Pero con un automático no es interesante. Ves la manada, te paras en el medio de la estepa y le das para todos lados. Las balas son suficientes. Esto es una satisfacción, pero para tenienticos nuevos. ¡En el momento de la caza todo el gusto está en la persecución! Cuando ves, ante ti, como parpadean esos traseros grasientos a la luz de los faros. El carro lo tiras por los mogotes, los saigas saltan, y es necesario saber tener los saltarines en la mira y poner el proyectil en el blanco. No es lo mismo estar en la galería de tiro y darle a un blanco fijo.
Pero el mayor tiene una gran experiencia en esa caza. Habrá presas.
Petelin se imagina claramente, frente a sus ojos, las chispas de ese fuego emocionante, y en su garganta, el gusto de la bebida vigorizante en el aire fresco. Epa! ¿Qué voy a esperar? La “Rusa” blanca, que compramos esta mañana junto con la carne, se puede descorchar ahora.
Viktor Petrovich sacó de su maletín la botella de vodka, le quitó, con los dedos, la fácil tapa que tiene una “lengüita”, ya que en los últimos tiempos, la fábrica ha empezado a economizar en esas tapas. Se sirvió dos tercios de un vaso. Se contuvo: “Por ahora está bien”.

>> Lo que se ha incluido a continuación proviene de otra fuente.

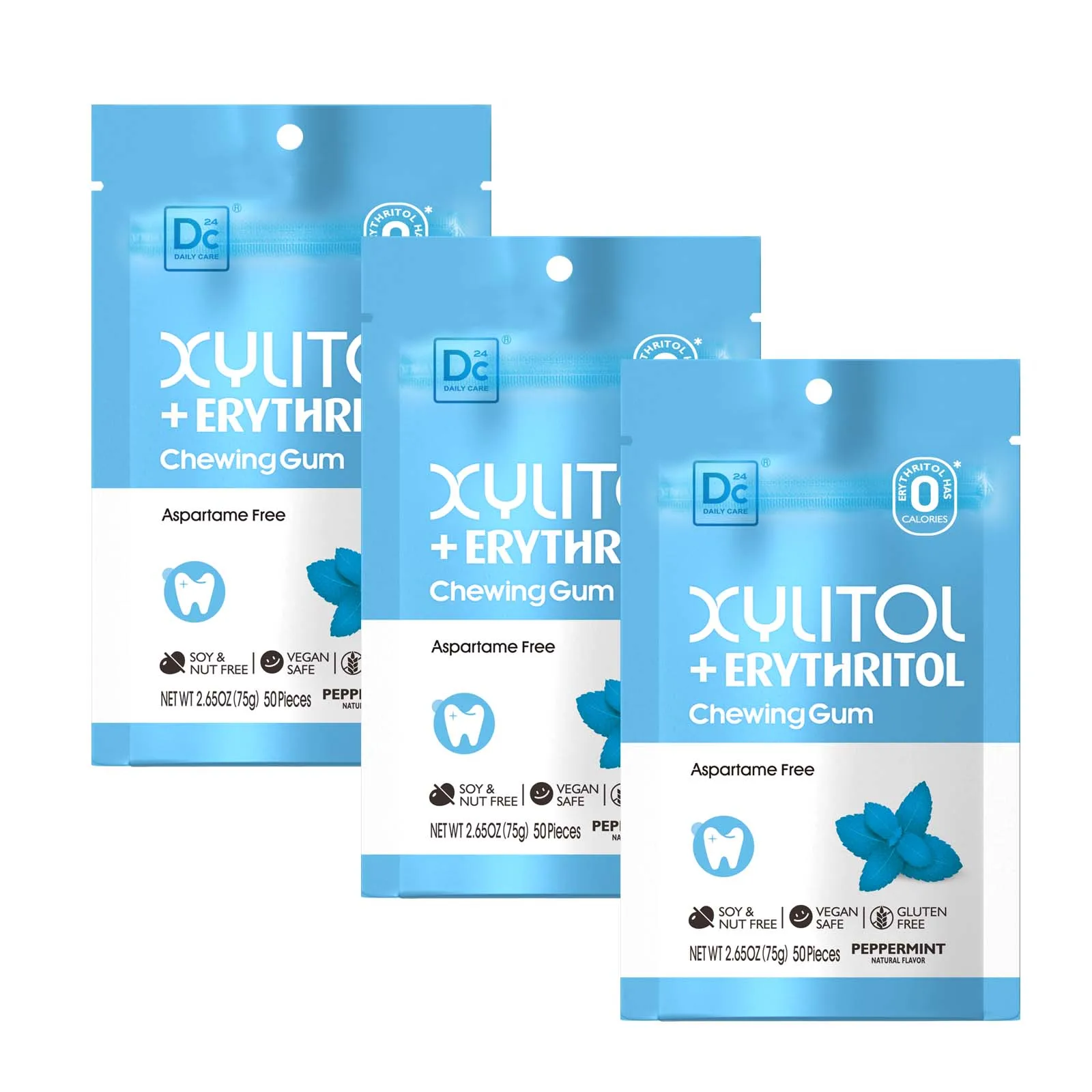 Dc24 Daily Care hot sale Erythritol Xylitol Erythritol Sugar Free Vegan 75g per Pouch Packing Sweet Spearmint Chewing Gum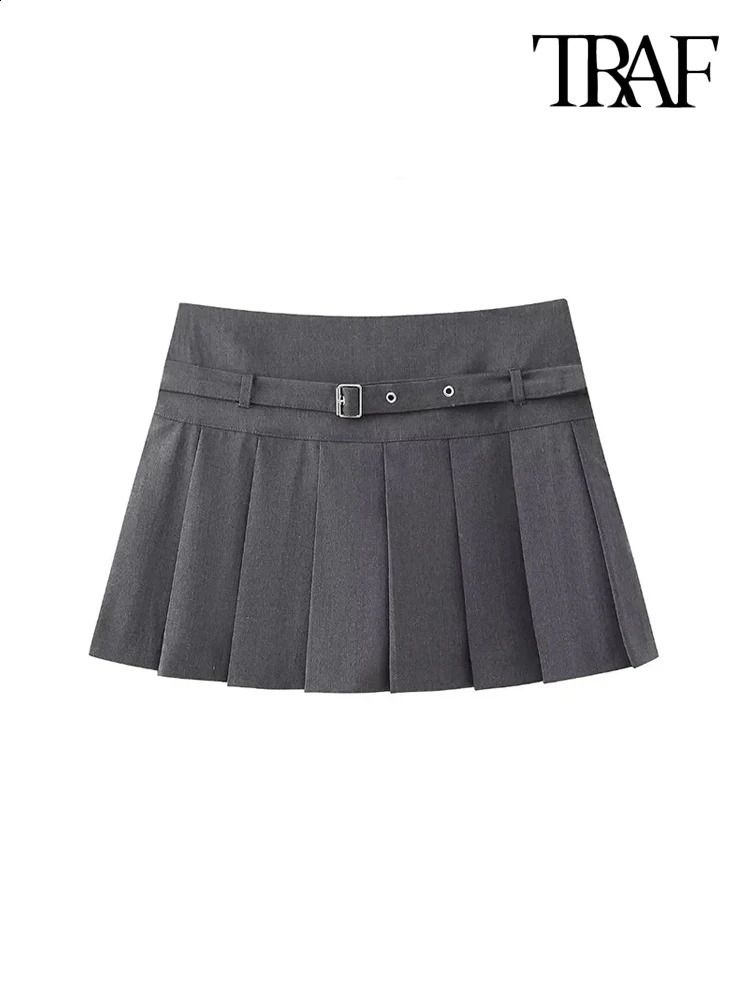 TRAF pleated womens sprint with belt side zipper mid waist fashionable w240816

Lentamente, en varios tragos, bebió el agradable líquido. El policía metió la mano en el maletín y sacó, envuelto en periódico, un tomate grande, del tipo “Corazón de buey”. Mordió la jugosa pulpa roja y el mayor, con satisfacción, se dijo: al menos algo bueno crece en este infierno kazajo. Ni por el carrizo se dan los pepinos, no importa cuánto los riegues, las hojas se ponen amarillas y se caen. Y los frutos se doblan ya temprano. Pero los tomates parece que aman el sol. Mira que gordos salen, carnosos y enormes. Más de medio kilo llegan a pesar. Lástima que no se puede echarles sal.
Las patillas también crecen aquí, y los melones. El mayor recordó algo. Sería bueno mandar a Fedorchuk a un koljoz, para que traiga melones. Ahora ya maduraron, se pusieron amarillos, las cáscaras ya se cubrieron de venitas y ya se siente el aroma. Claro, no estamos en Uzbekistán y los melones no son de aquel tipo, no tan jugosos, pero son gratis y hasta un quintal se puede recoger.